KABUL, AFGHANISTAN — A major investigation into an influential Afghan governor accused of taking bribes has been shut down and its top prosecutor transferred to a unit that doesn’t handle corruption cases, Afghan and U.S. officials said.
The closing of the investigation into the former governor of Kapisa province, Ghulam Qawis Abu Bakr, comes on the heels of a grim, unpublicized assessment by U.S. officials that no substantive corruption prosecutions were taking place in Afghanistan despite President Hamid Karzai’s pledge to root out graft.
The Abu Bakr investigation raises troubling questions yet again about how much U.S. taxpayer money is lining the pockets of powerful Afghan officials, and whether the U.S. is doing all it can to persuade Mr. Karzai to crack down on corruption.
It also suggests that the lax prosecution of corruption has pervaded all levels of government.
U.S. officials had hoped the case would be the first conviction of a relatively significant person in Afghan government.
While most of Mr. Abu Bakr’s influence is in Kapisa province, he also is connected to the Hizb-e-Islami political party, which the government has been trying to court in hopes of getting the group to cut its ties with militants.
Mr. Abu Bakr was suspended as governor after Gen. David H. Petraeus, then the commander of U.S. and NATO forces in Afghanistan and now CIA director, presented Mr. Karzai with documentation showing that he was colluding with the Taliban, according to an Afghan official in Kabul with direct knowledge of the incident.

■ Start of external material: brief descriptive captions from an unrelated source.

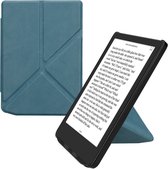 kwmobile e-reader hoesje geschikt voor Pocketbook Verse / Verse Lite / Verse Pro / Color / Vivlio Light/Light HD hoes - Ereader flip case met standaard - E reader cover van kunstleer - In petrol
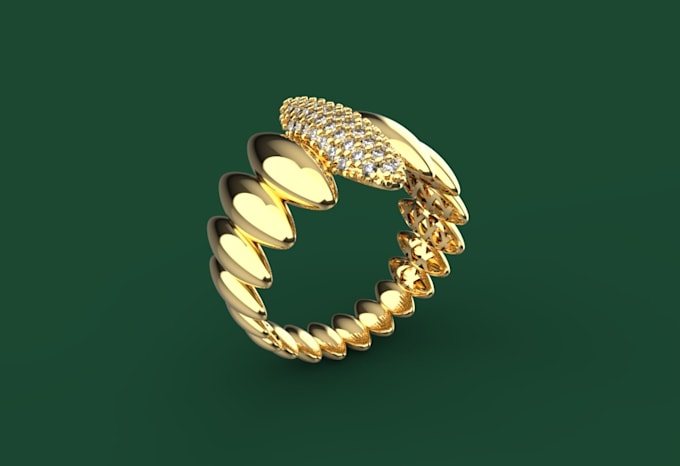 Gig Preview - Create a modern 3d cad jewelry design and render it for you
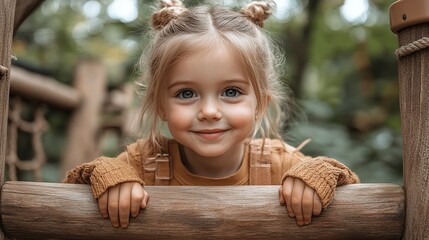 Wall Mural - small girl outdoors on wooden playground in garden in summer playing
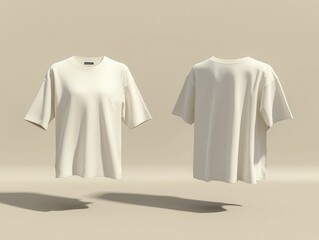 A minimalistic display of a plain white t-shirt shown from both the front and back, symbolizing simplicity, fashion, and apparel design. Ideal for concepts of clothing and fashion mockups.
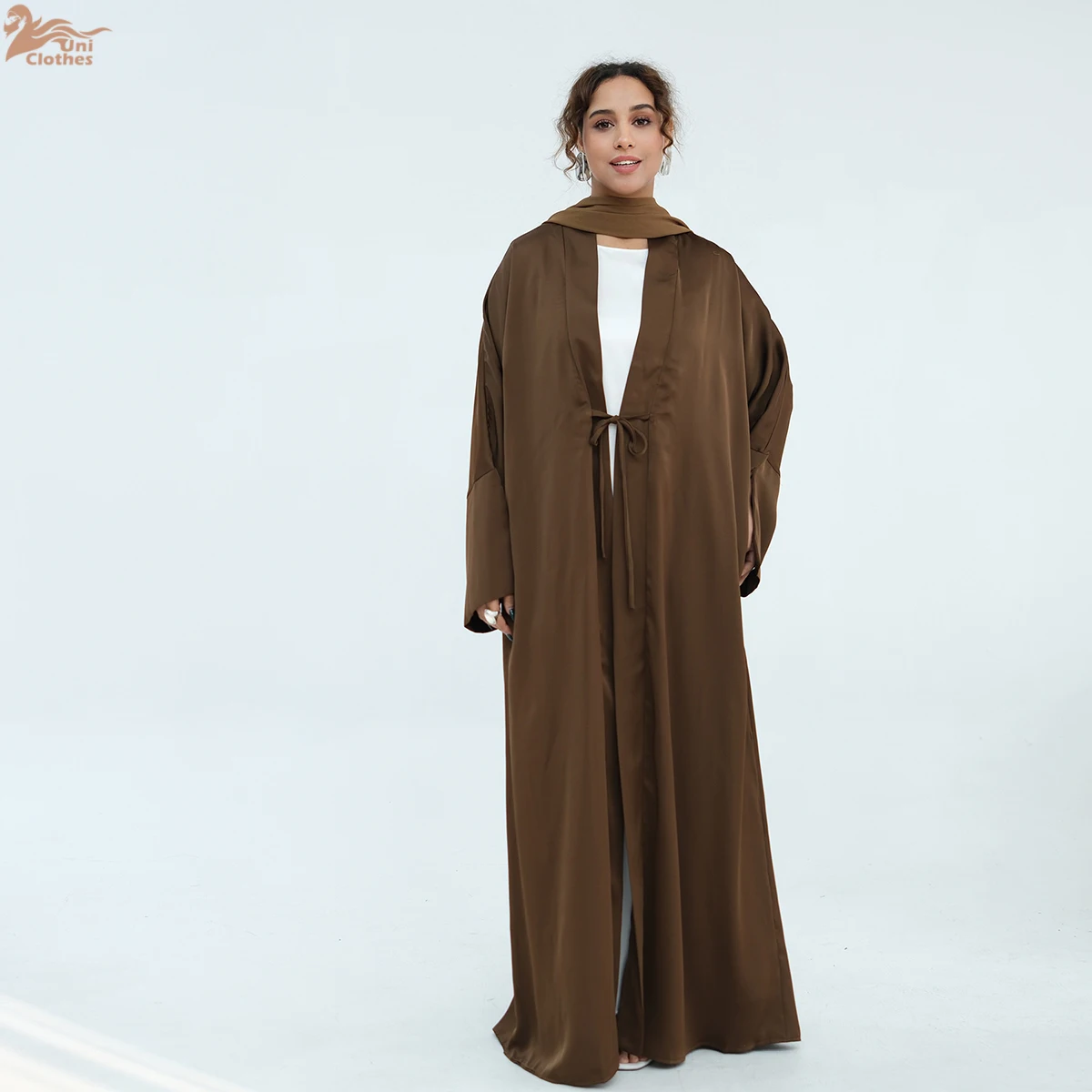 

Zahraa Islamic Clothing Women's Dresses Solid Color Modest Abaya Women Muslim Dress Premium Satin Kimono Abaya Dubai Eid Ramadan
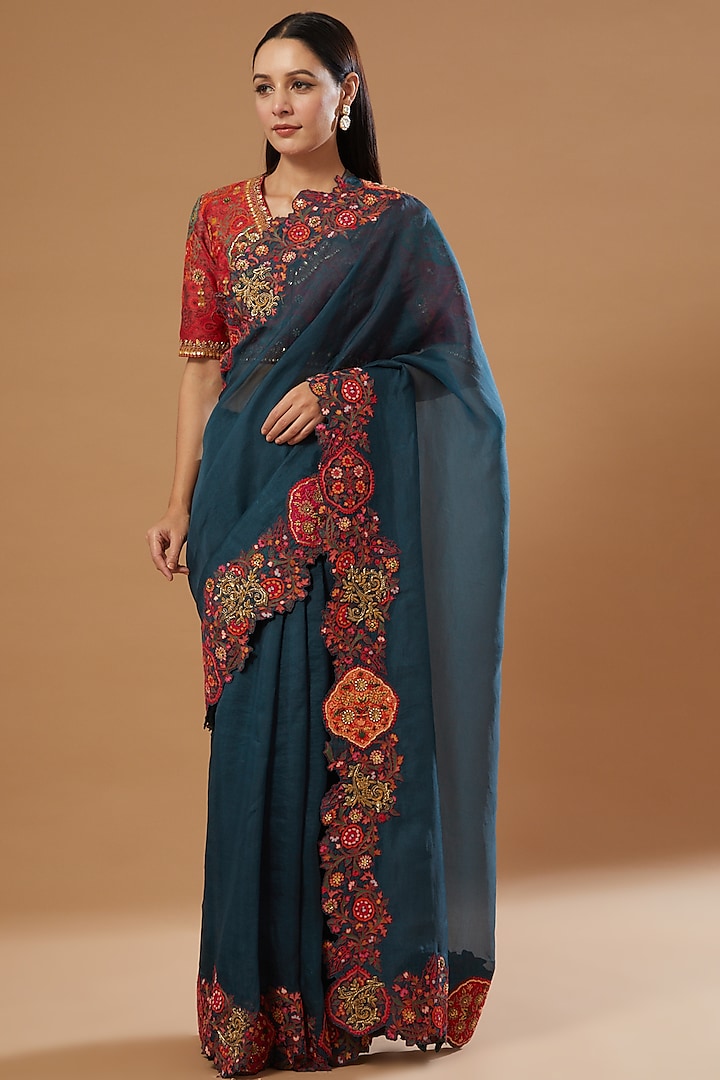 Blue Embroidered Saree Set by Debyani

In the two years since Mr. Karzai announced a new anti-corruption task force, powerful government figures have been accused of corruption and even investigated, but seldom brought to court. It appears that Mr. Abu Bakr will be no exception.
Most of the approximately 2,000 cases investigated by the anti-corruption unit since its birth in 2009 have stalled, said a NATO official familiar with the unit, who spoke anonymously in order to discuss sensitive matters.
The 28 convictions so far all have been of minor players. The attorney general’s office has been infiltrated by power brokers, ranging from lawmakers to warlords, who are blocking cases systematically, the NATO official said.
In general, little has come of Mr. Karzai’s promises after a fraud-marred 2009 election that he would make rooting out graft a priority.
In fact, a corruption scandal in the interim involving the country’s largest private bank has incriminated a number of Karzai allies, including relatives.
The first evidence that corruption was not being taken seriously in the attorney general’s office came in the summer of 2010, when a Karzai aide was arrested on charges of accepting a car in exchange for helping to thwart a corruption case. Mr. Karzai ordered the release of the aide, Mohammad Zia Salehi.
Because of the onslaught of negative publicity, Attorney General Mohammed Ishaq Aloko ordered his prosecutors not to discuss details of their cases with the U.S. officials advising them, saying that if they did, they would be considered U.S. spies, said an Afghan official who worked in the anti-corruption unit.
Both the attorney general and Mr. Abu Bakr declined to comment. The current head of the anti-corruption unit at the attorney general’s office said the case is ongoing.